Directions for this task: Write out exactly, with no other output, the lines below from the one that contains "Reborn Baby Dolls" through the end.

(Records drawn from a dataset)
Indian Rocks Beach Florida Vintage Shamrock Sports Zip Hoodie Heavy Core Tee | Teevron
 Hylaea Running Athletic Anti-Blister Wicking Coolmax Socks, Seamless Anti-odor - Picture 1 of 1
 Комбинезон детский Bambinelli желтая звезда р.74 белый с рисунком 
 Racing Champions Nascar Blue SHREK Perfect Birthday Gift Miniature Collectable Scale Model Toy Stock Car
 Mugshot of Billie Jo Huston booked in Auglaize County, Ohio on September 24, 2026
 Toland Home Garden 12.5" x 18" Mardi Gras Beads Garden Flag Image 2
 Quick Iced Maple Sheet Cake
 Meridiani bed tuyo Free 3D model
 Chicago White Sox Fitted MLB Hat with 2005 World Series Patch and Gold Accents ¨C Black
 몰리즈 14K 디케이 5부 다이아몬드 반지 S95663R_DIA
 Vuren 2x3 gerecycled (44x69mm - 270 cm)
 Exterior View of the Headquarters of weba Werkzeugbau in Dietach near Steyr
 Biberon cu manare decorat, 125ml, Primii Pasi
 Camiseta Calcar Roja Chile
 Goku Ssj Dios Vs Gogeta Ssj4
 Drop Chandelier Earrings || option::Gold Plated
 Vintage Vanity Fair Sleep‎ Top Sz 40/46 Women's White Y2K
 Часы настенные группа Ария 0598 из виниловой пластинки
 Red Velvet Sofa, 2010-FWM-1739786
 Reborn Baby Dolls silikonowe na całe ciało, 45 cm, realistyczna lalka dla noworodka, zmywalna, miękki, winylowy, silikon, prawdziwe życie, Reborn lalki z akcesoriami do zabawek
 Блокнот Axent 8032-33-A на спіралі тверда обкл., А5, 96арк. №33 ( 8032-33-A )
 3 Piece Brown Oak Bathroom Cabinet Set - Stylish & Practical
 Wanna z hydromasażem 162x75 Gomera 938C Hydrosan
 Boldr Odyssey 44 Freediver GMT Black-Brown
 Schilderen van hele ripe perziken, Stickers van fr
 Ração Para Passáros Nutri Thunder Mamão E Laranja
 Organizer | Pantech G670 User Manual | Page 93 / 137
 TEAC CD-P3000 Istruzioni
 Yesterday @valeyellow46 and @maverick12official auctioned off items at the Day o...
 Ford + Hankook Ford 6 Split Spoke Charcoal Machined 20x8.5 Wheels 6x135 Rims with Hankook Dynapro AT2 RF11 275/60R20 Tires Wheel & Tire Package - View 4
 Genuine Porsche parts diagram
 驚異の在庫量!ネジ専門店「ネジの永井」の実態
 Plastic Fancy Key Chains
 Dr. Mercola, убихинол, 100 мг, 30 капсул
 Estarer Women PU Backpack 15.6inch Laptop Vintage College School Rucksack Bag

Expected output:
 Reborn Baby Dolls silikonowe na całe ciało, 45 cm, realistyczna lalka dla noworodka, zmywalna, miękki, winylowy, silikon, prawdziwe życie, Reborn lalki z akcesoriami do zabawek
 Блокнот Axent 8032-33-A на спіралі тверда обкл., А5, 96арк. №33 ( 8032-33-A )
 3 Piece Brown Oak Bathroom Cabinet Set - Stylish & Practical
 Wanna z hydromasażem 162x75 Gomera 938C Hydrosan
 Boldr Odyssey 44 Freediver GMT Black-Brown
 Schilderen van hele ripe perziken, Stickers van fr
 Ração Para Passáros Nutri Thunder Mamão E Laranja
 Organizer | Pantech G670 User Manual | Page 93 / 137
 TEAC CD-P3000 Istruzioni
 Yesterday @valeyellow46 and @maverick12official auctioned off items at the Day o...
 Ford + Hankook Ford 6 Split Spoke Charcoal Machined 20x8.5 Wheels 6x135 Rims with Hankook Dynapro AT2 RF11 275/60R20 Tires Wheel & Tire Package - View 4
 Genuine Porsche parts diagram
 驚異の在庫量!ネジ専門店「ネジの永井」の実態
 Plastic Fancy Key Chains
 Dr. Mercola, убихинол, 100 мг, 30 капсул
 Estarer Women PU Backpack 15.6inch Laptop Vintage College School Rucksack Bag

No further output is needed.